» **DATA RECORDS**:
━━━━━━━━

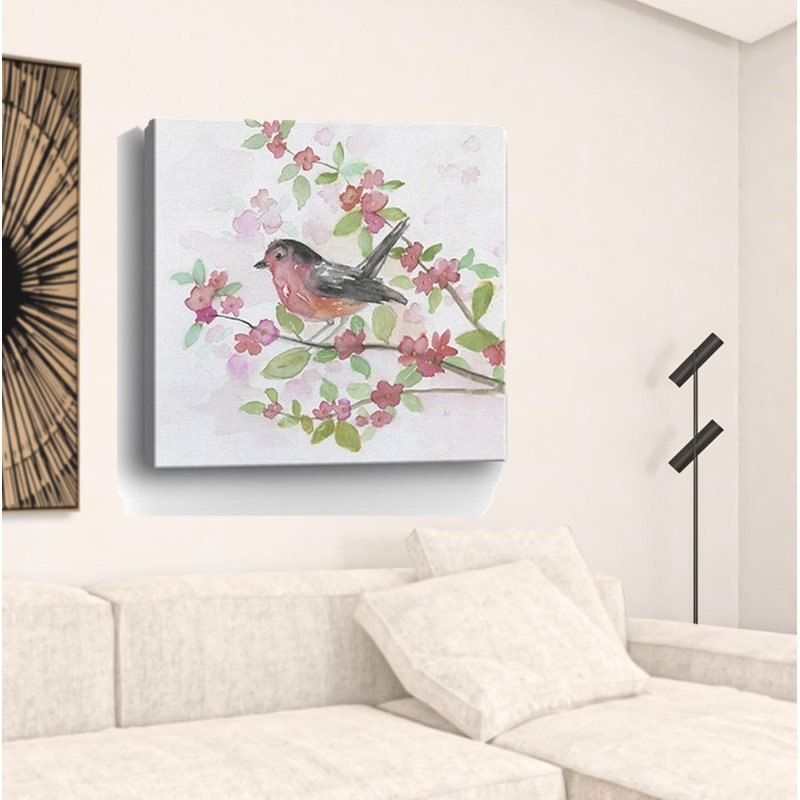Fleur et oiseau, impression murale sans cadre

━━━━━━━━

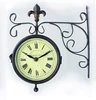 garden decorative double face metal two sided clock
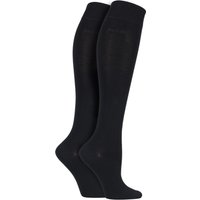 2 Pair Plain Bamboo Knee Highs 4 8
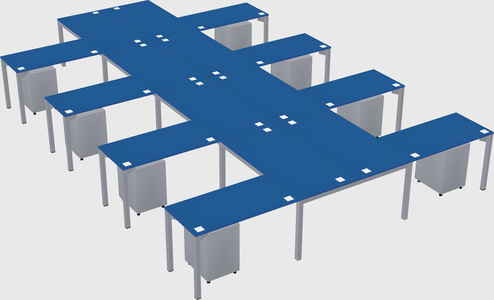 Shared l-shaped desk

━━━━━━━━

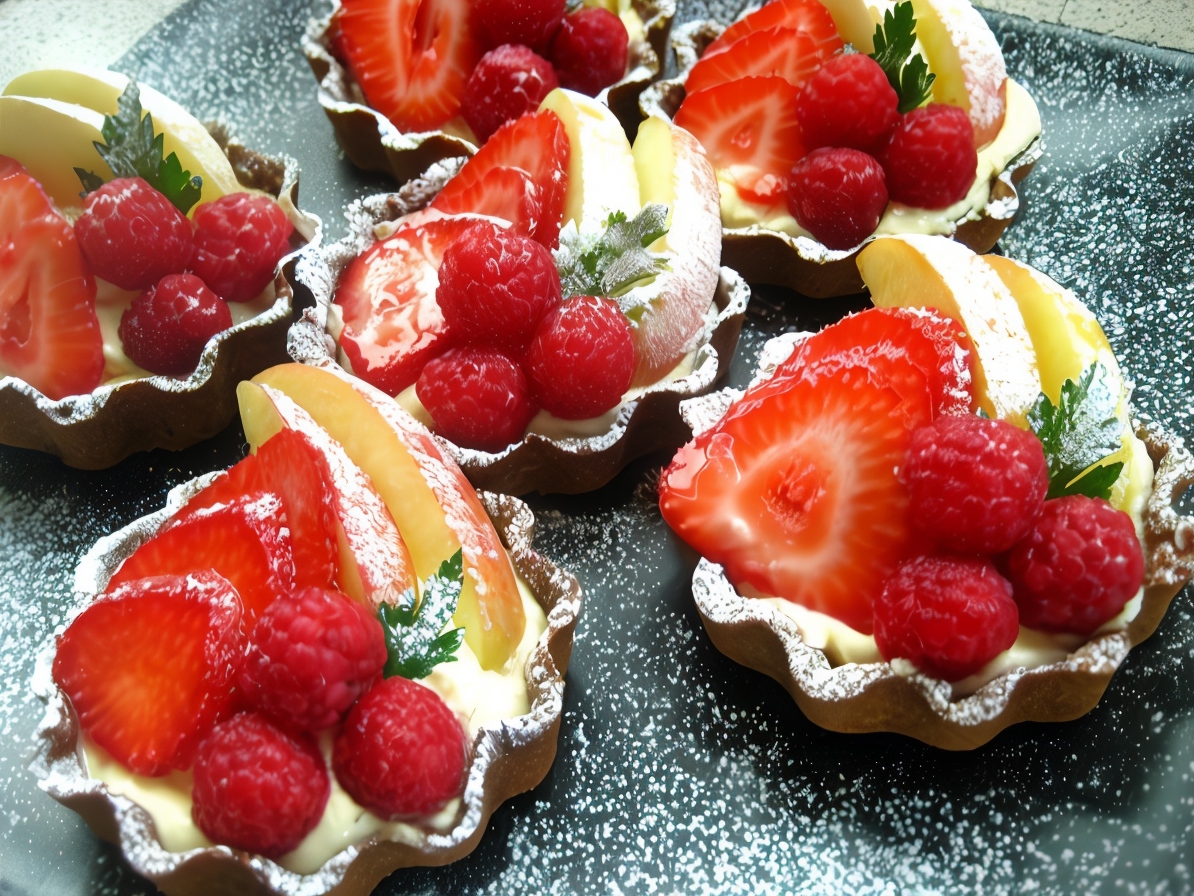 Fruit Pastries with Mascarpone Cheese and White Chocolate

━━━━━━━━

» **DESCRIPTION OF THE TASK**:
Copy only the lines above from the one containing "garden decorative double" through the one containing "Shared l-shaped desk", both included. Leave out the pictures.

» **RESULT BELOW**:
 garden decorative double face metal two sided clock
 2 Pair Plain Bamboo Knee Highs 4 8
 Shared l-shaped desk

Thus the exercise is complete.